When the size of the map can be predicted in advance, as it almost always can
be for indoor environments, the map can be broken up into a set of square cells of
equal size. Some researchers have proposed non-square tessellations, but from here
on in this thesis it is assumed that a square grid is used.
Overlaying a grid onto Figure 8 might result in a map like Figure 9. The solid
black lines (which are a little hard to see) are the original walls and the map grid is
shown in light grey. Because the map grid resolution is relatively coarse, the dark
grey walls in this map are much thicker than the real walls, which results in thinner
corridors. This could be a problem for a large robot that relied on the map to decide
if an area was passable or not.
Figure 9 – Metric map based on a square grid
Also, notice that the grid walls appear to be offset slightly from the real walls
because the grid does not fit the walls exactly and the cells do not line up with the
real walls. In fact, in maps generated by a robot, it is very common for the walls not
to align with the grid. Small errors in the robot’s position, or arithmetic round-off
errors, can result in wall cells falling over from one cell to the adjacent one. This
results in walls that have ‘jaggies’ even though they should be straight.
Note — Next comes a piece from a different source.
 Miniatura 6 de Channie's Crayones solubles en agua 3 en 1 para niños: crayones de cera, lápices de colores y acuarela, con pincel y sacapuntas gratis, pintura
QUT Faculty of Science and Technology 41
Mapping of Indoor Environments by Robots using Low-cost Vision Sensors Trevor Taylor
There is a large amount of wasted space in the map above. The robot cannot
reach the area outside the building walls. These cells can therefore never be
populated and their contents will always remain ‘unknown’. However, this approach
is simple to implement, easy to understand, and has been in widespread use in the
research community for many years.
2.4.4 Map Building
Building a map is a complex task, especially when the spatial information is
inaccurate. Several approaches have been taken, most of them probabilistic in nature,
such as Maximum Likelihood [Simmons et al. 2000] and Bayesian Filtering
[Dellaert et al. 1999].
Hidden Markov Models (HMMs) have been used [Filliat & Meyer 2000, 2001]
in an attempt to overcome the inherent uncertainty in the robot’s location.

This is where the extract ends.